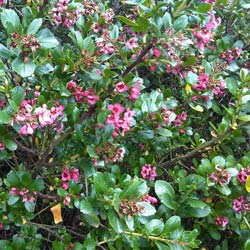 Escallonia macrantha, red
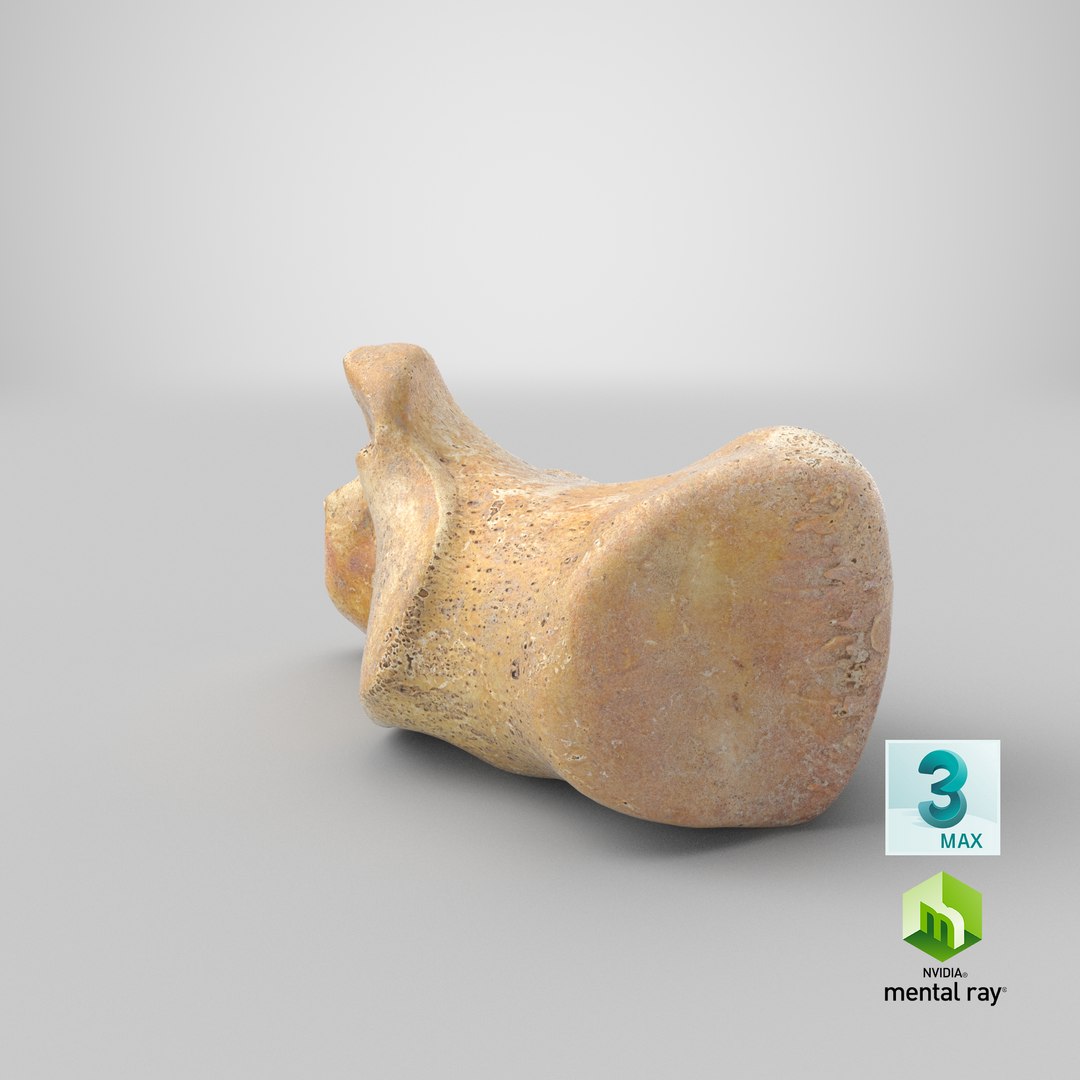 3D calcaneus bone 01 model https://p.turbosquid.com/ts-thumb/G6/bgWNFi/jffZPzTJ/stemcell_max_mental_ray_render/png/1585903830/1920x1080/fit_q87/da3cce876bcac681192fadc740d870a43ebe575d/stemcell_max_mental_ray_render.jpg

---------------

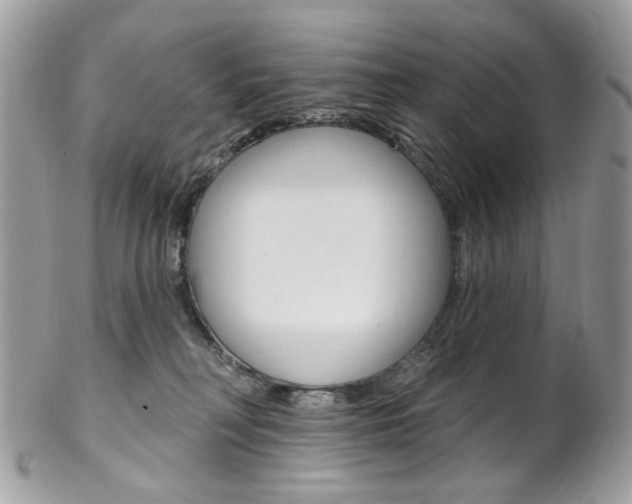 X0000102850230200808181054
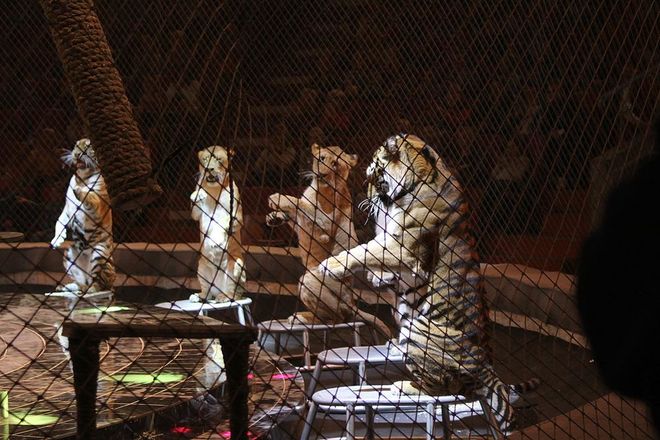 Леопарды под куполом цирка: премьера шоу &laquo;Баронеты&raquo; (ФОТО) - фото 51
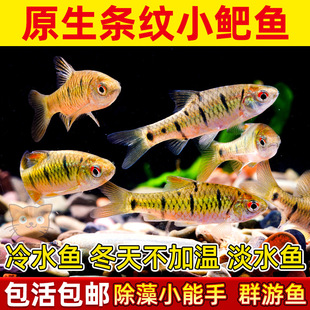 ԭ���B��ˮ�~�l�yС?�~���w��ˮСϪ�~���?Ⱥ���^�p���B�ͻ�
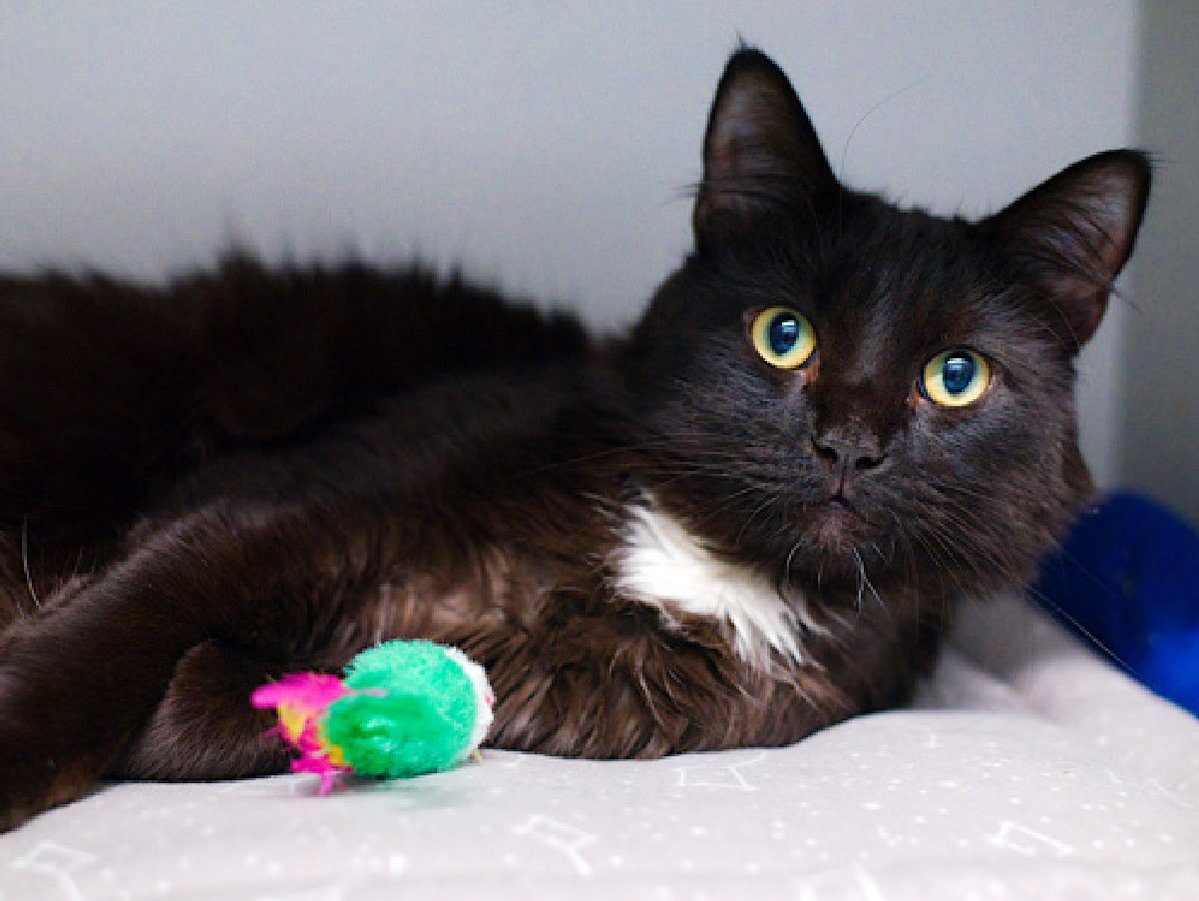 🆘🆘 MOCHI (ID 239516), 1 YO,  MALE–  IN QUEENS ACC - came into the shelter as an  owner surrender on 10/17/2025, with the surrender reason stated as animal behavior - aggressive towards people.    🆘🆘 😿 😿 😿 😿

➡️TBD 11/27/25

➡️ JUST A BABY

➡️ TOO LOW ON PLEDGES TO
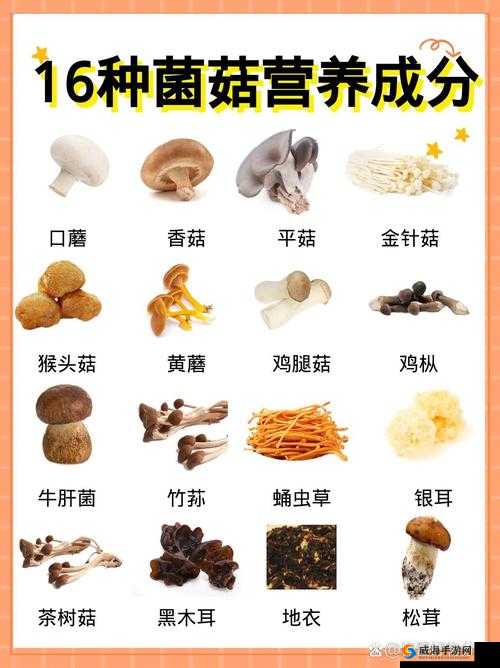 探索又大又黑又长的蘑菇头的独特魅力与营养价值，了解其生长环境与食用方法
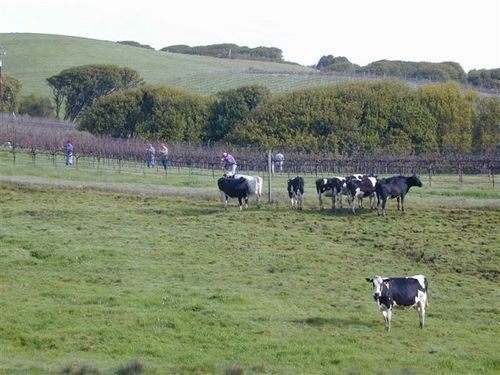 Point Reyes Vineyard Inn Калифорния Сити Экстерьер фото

---------------

Task item: Repeat exactly, and only, the entries from the line with "Escallonia macrantha, red" through the line with "3D calcaneus bone". Pictures are skipped.

Exercise output:
 Escallonia macrantha, red
 3D calcaneus bone 01 model https://p.turbosquid.com/ts-thumb/G6/bgWNFi/jffZPzTJ/stemcell_max_mental_ray_render/png/1585903830/1920x1080/fit_q87/da3cce876bcac681192fadc740d870a43ebe575d/stemcell_max_mental_ray_render.jpg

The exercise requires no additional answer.